Dr. Eric P. Xing is a Professor of Computer Science at Carnegie Mellon University, and the Founder, CEO, and Chief Scientist of Petuum Inc., a 2018 World Economic Forum Technology Pioneer company that builds standardized artificial intelligence development platform and operating system for broad and general industrial AI applications. He completed his undergraduate study at Tsinghua University, and holds a PhD in Molecular Biology and Biochemistry from the Rutgers University, and a PhD in Computer Science from UC Berkeley. His main research interests are the development of machine learning and statistical methodology, and large-scale computational systems and architectures, for solving problems involving automated learning, reasoning, and decision-making in high-dimensional, multimodal, and dynamic possible worlds in artificial, biological, and social systems. Prof.
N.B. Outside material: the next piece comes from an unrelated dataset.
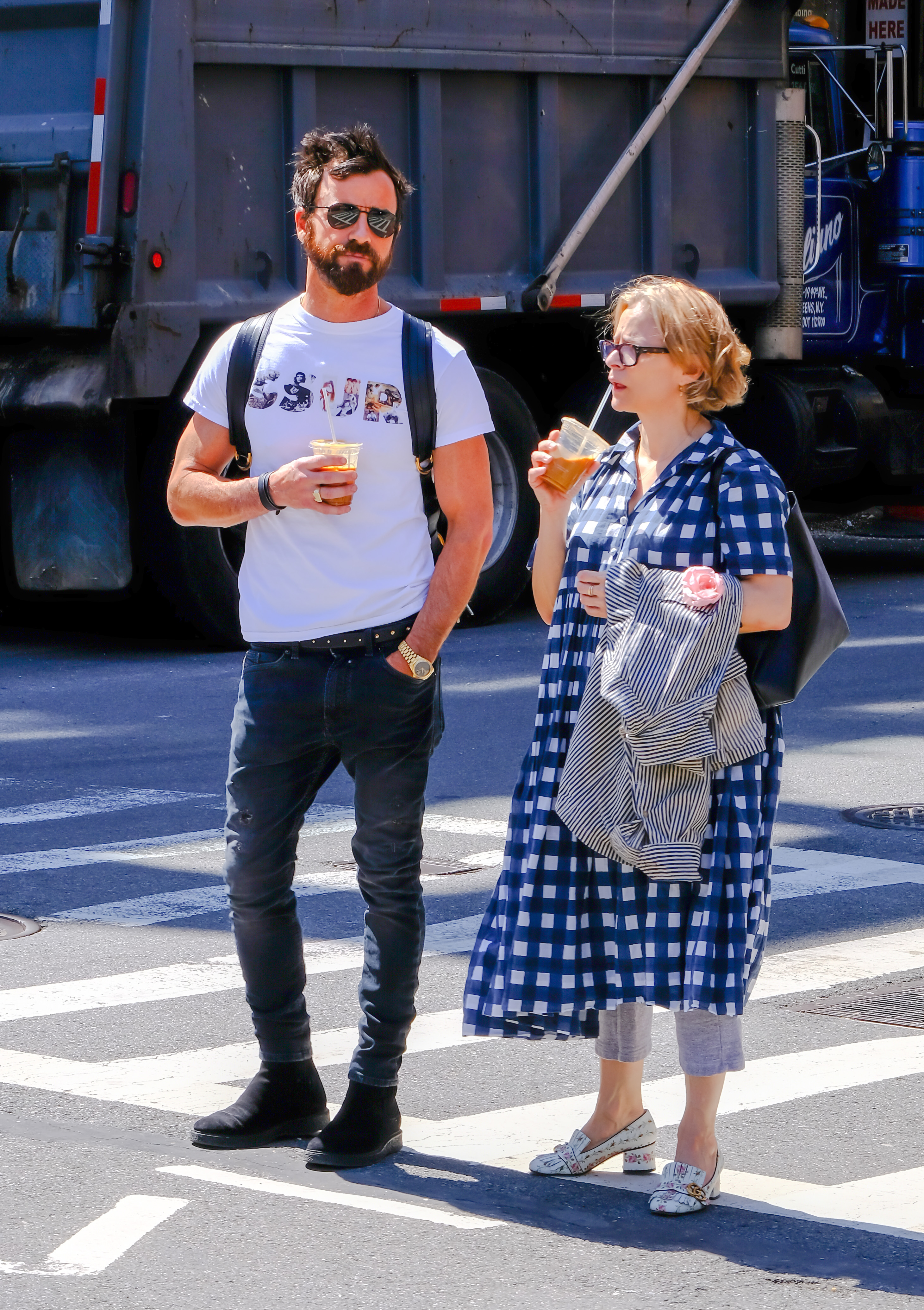 Justin Theroux and Amy Sedaris are seen waiting for a cab on May 1, 2018, in New York City | Source: Getty Images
Xing currently serves or has served the following roles: associate editor of the Journal of the American Statistical Association (JASA), Annals of Applied Statistics (AOAS), IEEE Journal of Pattern Analysis and Machine Intelligence (PAMI) and the PLoS Journal of Computational Biology; action editor of the Machine Learning Journal (MLJ) and Journal of Machine Learning Research (JMLR); member of the United States Department of Defense Advanced Research Projects Agency (DARPA) Information Science and Technology (ISAT) advisory group. He is a recipient of the National Science Foundation (NSF) Career Award, the Alfred P. Sloan Research Fellowship, the United States Air Force Office of Scientific Research Young Investigator Award, the IBM Open Collaborative Research Faculty Award, as well as several best paper awards. Prof. Xing is a board member of the International Machine Learning Society; he has served as the Program Chair (2014) and General Chair (2019) of the International Conference of Machine Learning (ICML); he is also the Associate Department Head of the Machine Learning Department, founding director of the Center for Machine Learning and Health at Carnegie Mellon University; he is a Fellow of AAAI, IEEE, and ASA.